A sudden loss of power supply can occur at any time—during an external write to the SSD, during internal garbage collection, during firmware updates, even during recovery from a previous power loss. If the firmware doesn’t manage power loss correctly will impact the severity of loss of data. Best case, it’s only the last written data (data on-the-fly); worst case, the firmware is corrupt, and the SSD no longer works. In many mission-critical applications, losing even a few bits of data is simply not acceptable.
Swissbit has tested commonly available SSDs in the market and has seen all types of failures happen under power-off tests.
5. Wrong firmware architecture.
Speed matters, at least for consumer drives.

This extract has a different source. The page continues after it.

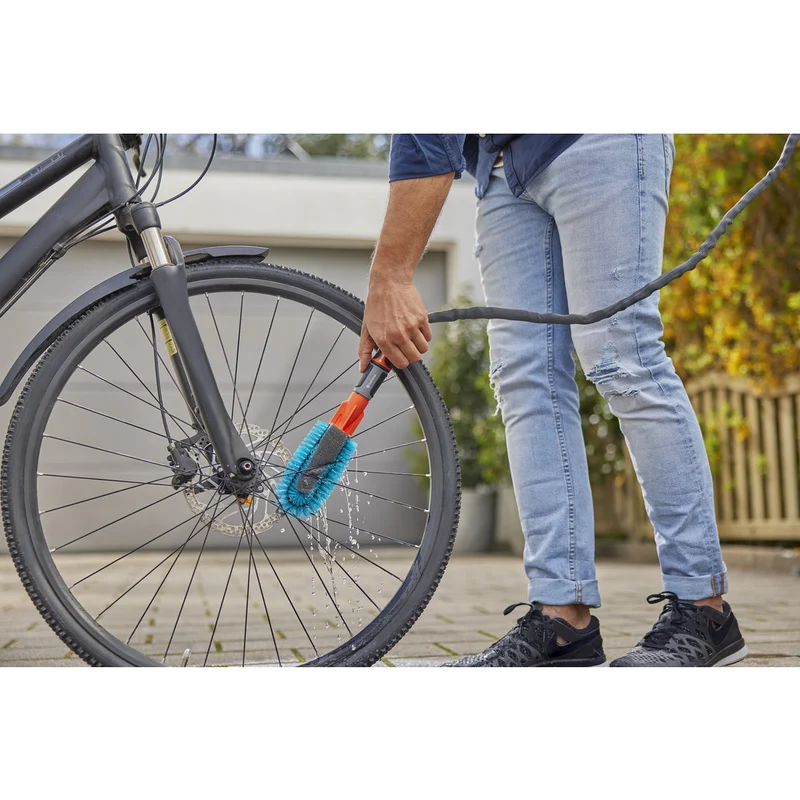 Gardena Cleansystem / Fahrrad Wasch-Set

In addition, speed tests are usually performed when the drives are new, empty, and freshly formatted. What’s often not considered is how much performance remains when the drive is 100% full, many times overwritten, or maybe running at high temperatures. Many existing firmware architectures focus on performance specifications, but not on highest endurance or retention or sustained performance over the complete operation range.

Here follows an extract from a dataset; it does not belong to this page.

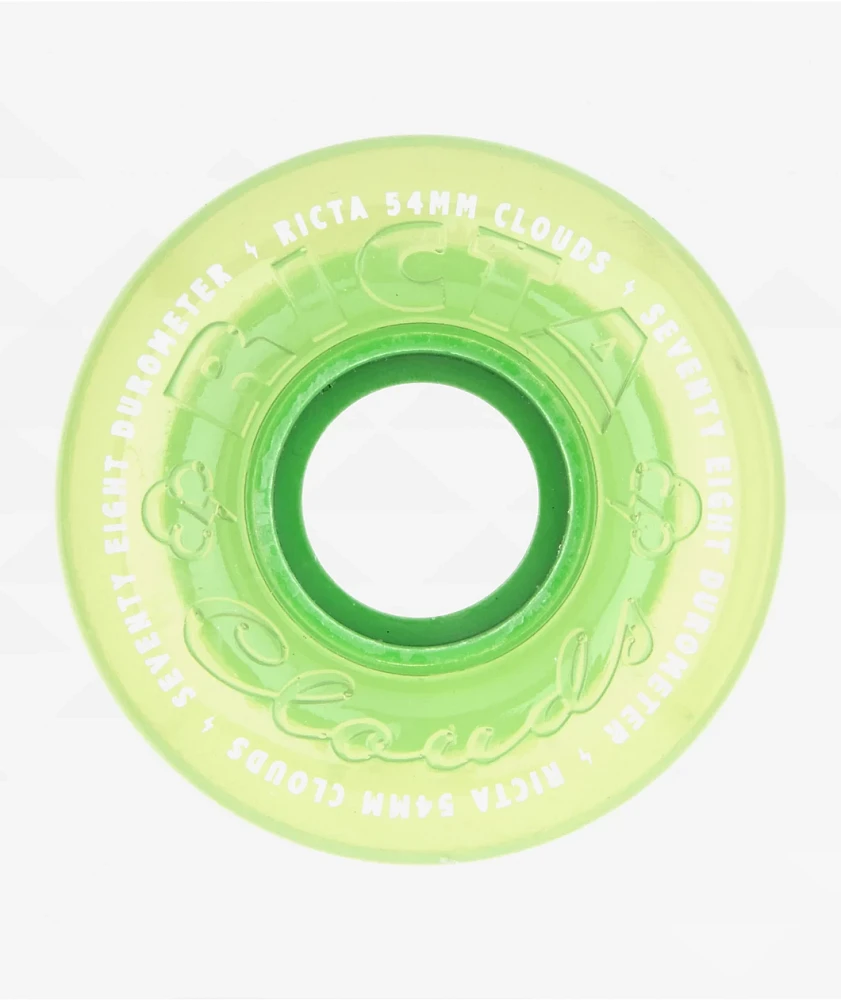Ricta Clouds 54mm 78a Mojito Cruiser Wheels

Choosing an SSD that’s not optimized for long-term use may lead to bad surprises once the early life of the drive has passed (Fig. 3).
Conclusion
Selecting the right SSD or NAND flash product depends on many criteria. Particularly when it comes to industrial usage or demanding applications, the following aspects should be included in the decision-making process: Selection of the right components, mechanical construction, firmware architecture, and power fail robustness. Doing so is the best way to find a reliable data-storage device to store and retrieve data for a long lifetime.